Note : j’ai volontairement esquivé les aspects
psycho-sociaux de ce parcours pour ne pas alourdir la lecture. J’en parlerai
dans la deuxième partie de ce billet.
Mon parcours médical et juridique
1. 2007 : Je suis en congé-maladie.
Diagnostics retenus : apnée du sommeil, syndrome des jambes sans repos.
J’ai une CPAP pour l’apnée et je suis suivie en neurologie. Je suis vraiment
mal en point, je ne vais pas bien.
2. 2010 : Retour progressif au travail pendant 6 mois. Une fois à temps plein, je suis si épuisée que je peine à terminer
ma semaine de travail. On me recommande une journée de télétravail par semaine
pour me soutenir. Je doute sérieusement que ma santé va mieux : il y a autre
chose, mais quoi?
3.2011:Rendez-vous en rhumatologie.
Diagnostics retenus: fibromyalgie et encéphalomyélite myalgique. Je suis très
ébranlée mais soulagée : au moins je sais maintenant avec quoi je vis. Et
non, ce n’est pas dans ma tête... Je continue de travailler, mais l’épuisement
profond gagne du terrain. Je rentre du travail et m’écroule dans mon lit
jusqu’au lendemain. J’essaie de tenir, tenir…Je me demande jusqu’à quand je
pourrai tenir le coup. J’utilise régulièrement mes journées de vacances comme
journées maladie à chaque semaine. Je
n’ai plus de congés dans ma banque.
4. 2012 : Je représente le bureau dans un évènement
international. Après deux jours, je rentre subitement chez moi, incapable de tenir debout, complètement
épuisée. Je ne savais pas que je venais de vivre mon dernier jour de travail à
vie.
5. Mes médecins complètent une demande de congé maladie
pour mon employeur et l’assureur. Les revenus chutent brutalement. Avec mes
deux de mes filles, nous vivons des revenus du chômage, le temps que les
assurances prennent le relais. Une transition difficile pour tous. Je suis si mal
en point et si épuisée que je peine à comprendre les nombreux documents à
compléter.
6. 2013 : Contact avec mon délégué syndical
car je sens que quelque chose cloche avec l’assureur. Il tarde à verser les
prestations auxquelles j’ai droit. Après de multiples contacts et une plainte à
l’ombudsman, l’assureur verse rapidement quelques mois de prestations sous
condition que je me soumette à une évaluation en physiothérapie et en
psychologie. Il y avait anguille sous roche, effectivement.
7. Je rencontre deux
professionnelles embauchées par l’assureur. Dans leur rapport, elles ne retiennent aucun diagnostic
confirmant la fibromyalgie et l’encéphalomyélite myalgique (à noter: seul les médecins ont le droit de poser un diagnostic). Pire encore, elles
prétendent que je ne suis pas malade, et que « j’acte» mes maladies.

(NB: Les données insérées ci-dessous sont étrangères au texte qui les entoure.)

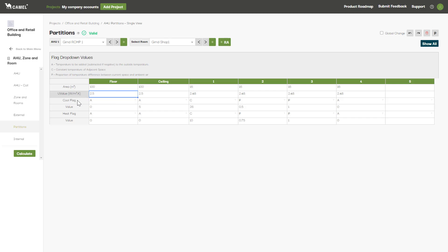Next you'll specify the temperature of the adjacent space in both cooling mode and heating mode. There are a few different ways that you can enter this: the A flag, the C flag, and the P flag, each of which are described here.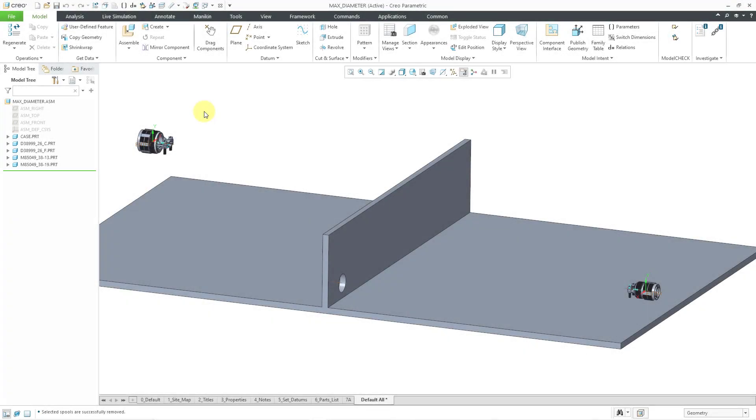In Creo Parametric, you can route wires and cables manually. Let's take a look at how to do that.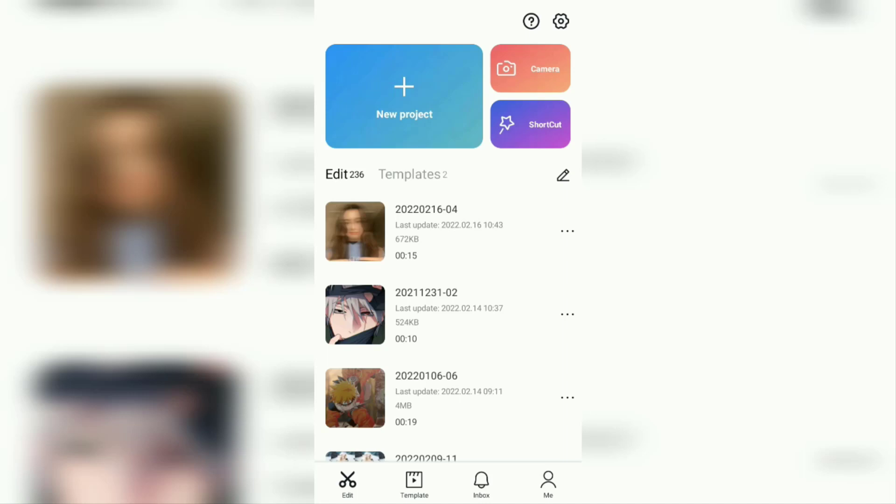This time, I will show you a tutorial on how to use the graphs feature in the CapCut application.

Sur la base de ce rapport, l’assureur m’informe que les prestations sont coupées. On pousse même
l’audace jusqu’à me souhaiter bonne chance pour la suite…
8. Je rencontre un avocat spécialisé en
assurance invalidité. À la lecture du rapport, il est catégorique : c’est
« un torchon ». Nous convenons qu’il est dorénavant mon avocat. Par
chance, ce bureau d’avocats offre d’être payé plus tard lorsque la cause est
remportée par le plaignant. Sinon, comment me défendre et surtout, avec quel argent?
9. 2014 : la requête est déposée au palais de
justice de Montréal. Sans revenus, je fais
une demande d’aide sociale pour subvenir à mes besoins et ceux de ma famille. Assez
rapidement, le médecin de l’aide sociale me déclare inapte au travail. Je dépose
aussi un bilan de faillite auprès d’un syndic, incapable de payer mes créanciers.
C’est la débandade partout : ma santé, ma vie….
Je
complète une demande d’invalidité auprès de Retraite-Québec (gouvernement du
Québec). Ce dernier déclare que les preuves de maladie ne sont pas suffisantes.
Je demande une révision de la décision.
Dossier
juridique : s’ensuit toutes les étapes habituelles dans ce type de
procédure. Dépôt de l’échéancier, interviews de part et d’autre, rencontres
d’experts etc.
2016 :
L’assureur propose une conférence de règlement à l’amiable (CRA). C'est un échec, pas d'entente entre les parties. L’assureur propose un
autre scénario de règlement en 2017, qui est rejeté. L’offre est insuffisante.
2017 :
Mes filles quittent le logement, les
revenus chutent : déménagement. Je vends, trie, donne mon matériel.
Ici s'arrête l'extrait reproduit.